Work required =>
Please reproduce the lines of the records below from the one holding "Lejlighedshotel Island Annex 4*" through the one holding "LCI Style LED Headlights - BMW G20 3 Series", inclusive, skipping all pictures.

Task inputs =>

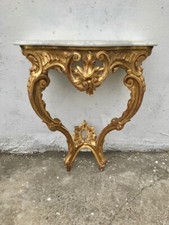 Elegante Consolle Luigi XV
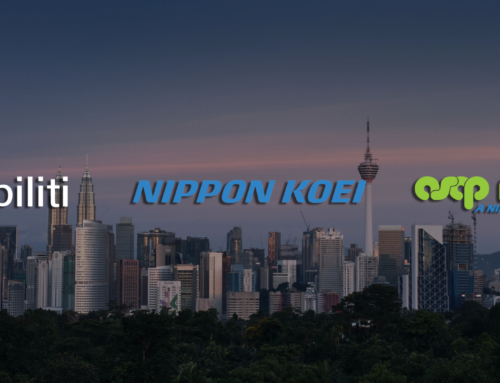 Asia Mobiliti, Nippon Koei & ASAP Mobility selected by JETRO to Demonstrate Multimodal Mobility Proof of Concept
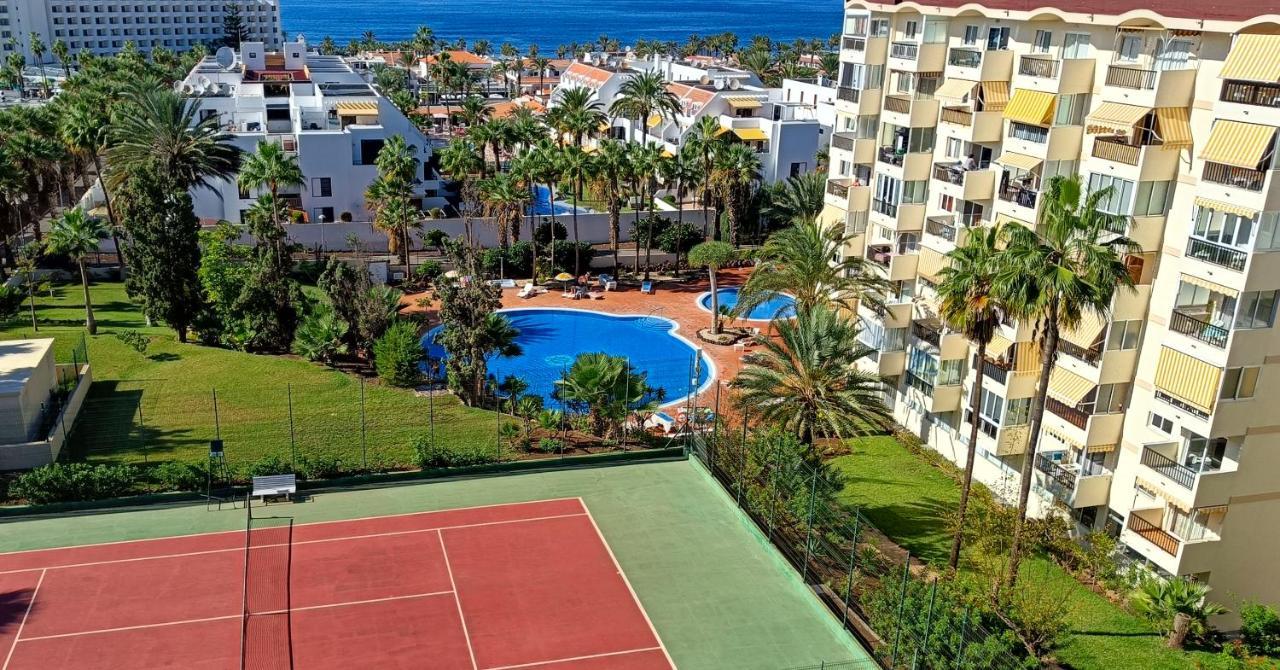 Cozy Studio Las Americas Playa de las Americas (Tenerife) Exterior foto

--

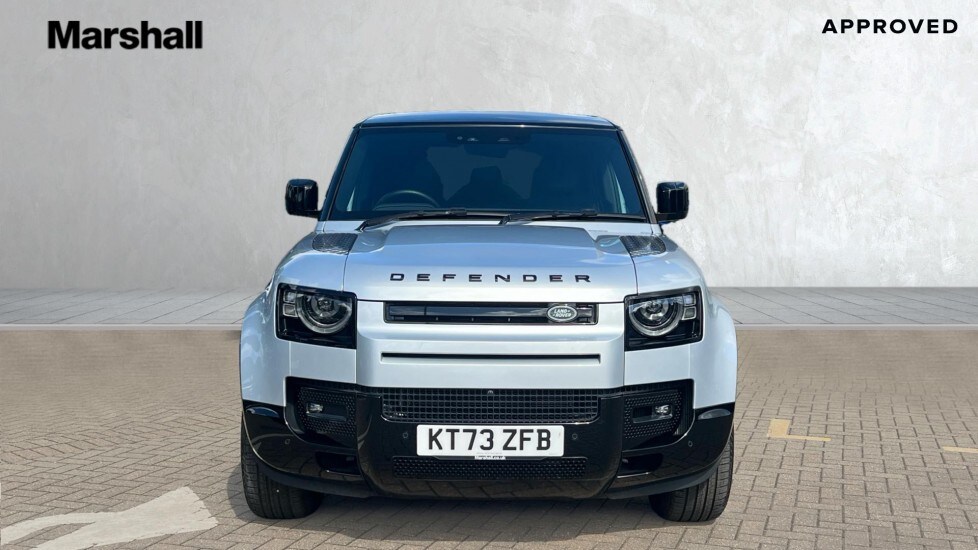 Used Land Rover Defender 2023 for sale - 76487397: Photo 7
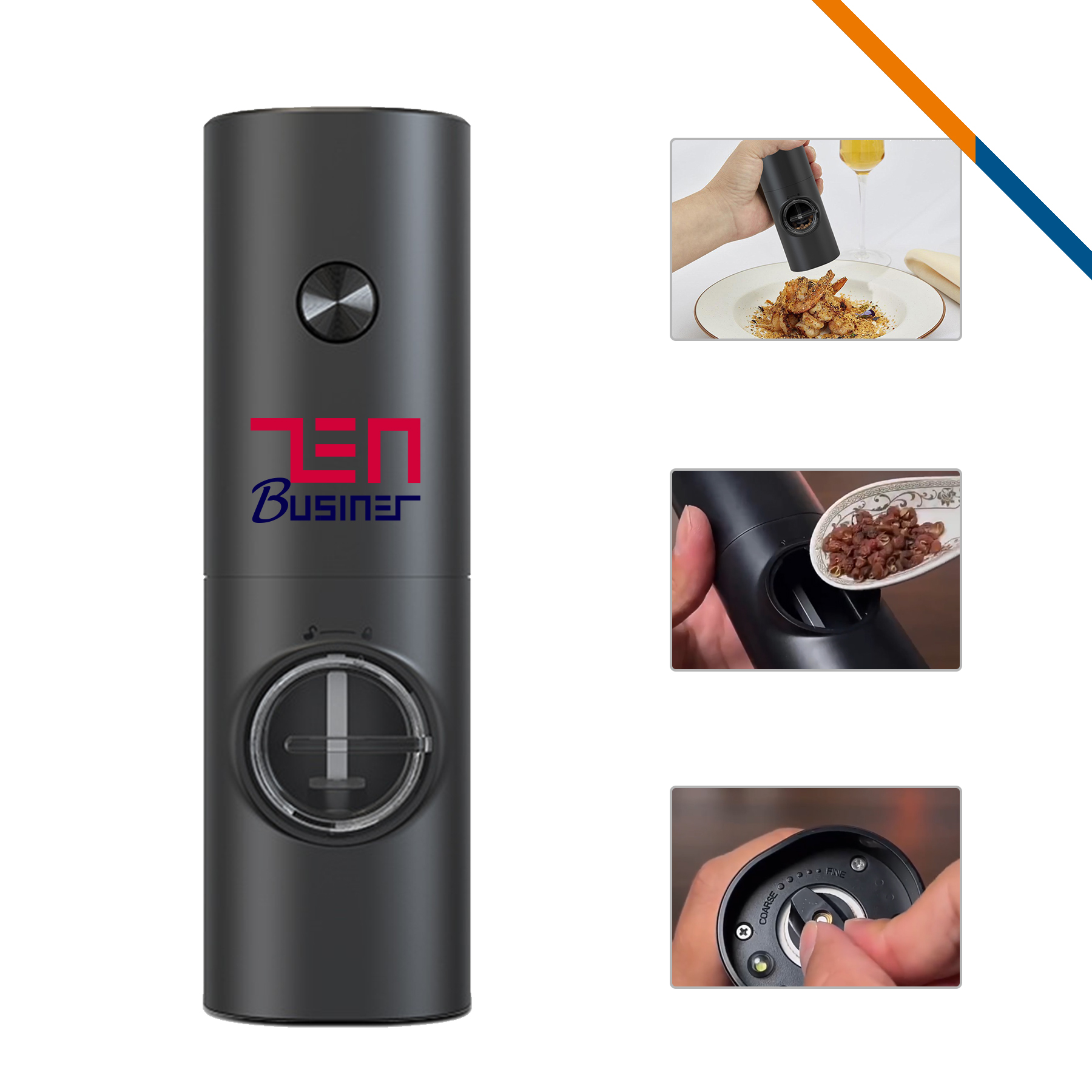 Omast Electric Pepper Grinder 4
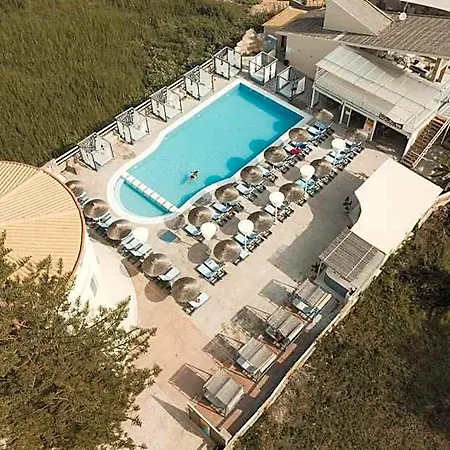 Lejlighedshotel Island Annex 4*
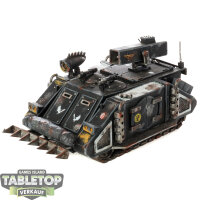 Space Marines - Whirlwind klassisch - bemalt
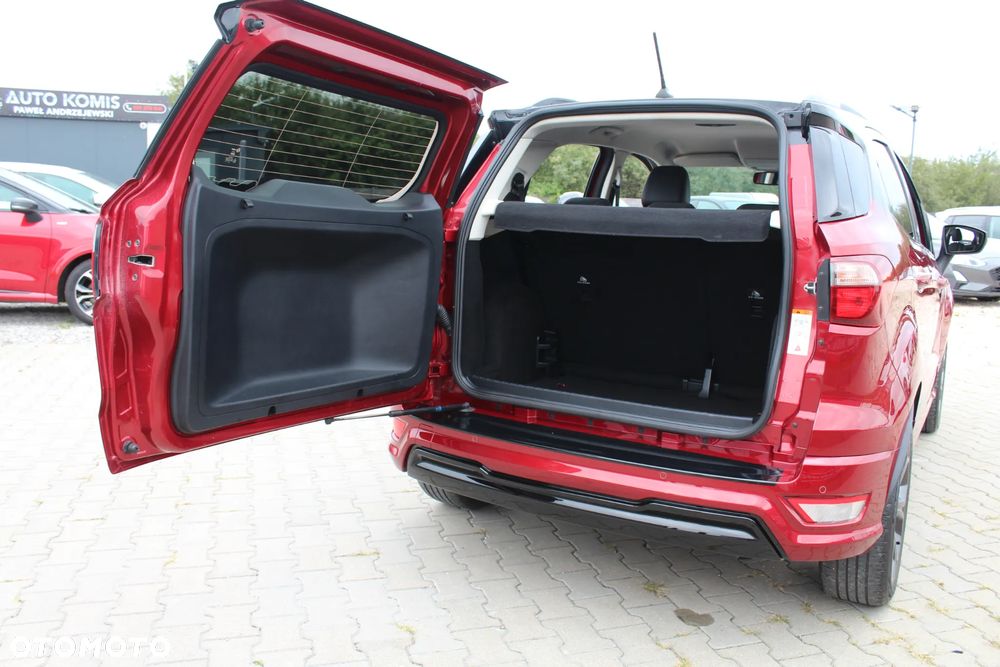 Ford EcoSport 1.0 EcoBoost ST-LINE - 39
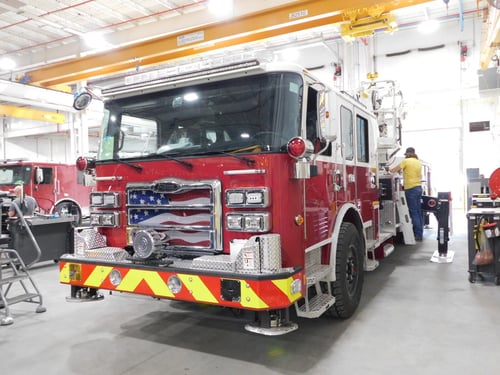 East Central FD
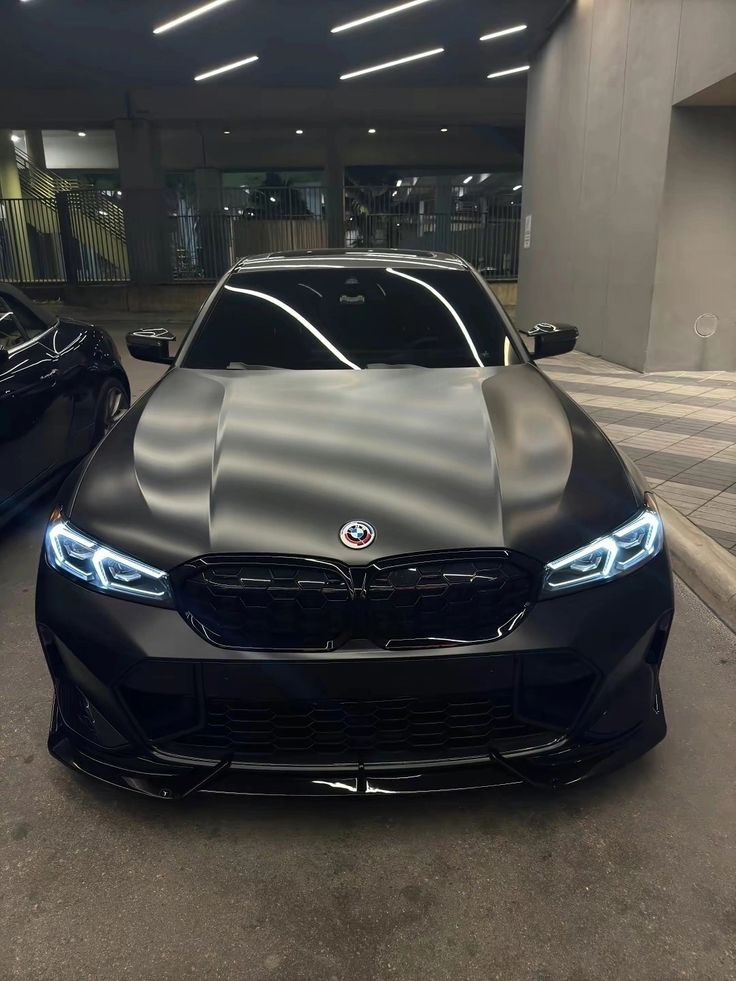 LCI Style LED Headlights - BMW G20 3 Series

Exercise output =>
 Lejlighedshotel Island Annex 4*
 Space Marines - Whirlwind klassisch - bemalt
 Ford EcoSport 1.0 EcoBoost ST-LINE - 39
 East Central FD
 LCI Style LED Headlights - BMW G20 3 Series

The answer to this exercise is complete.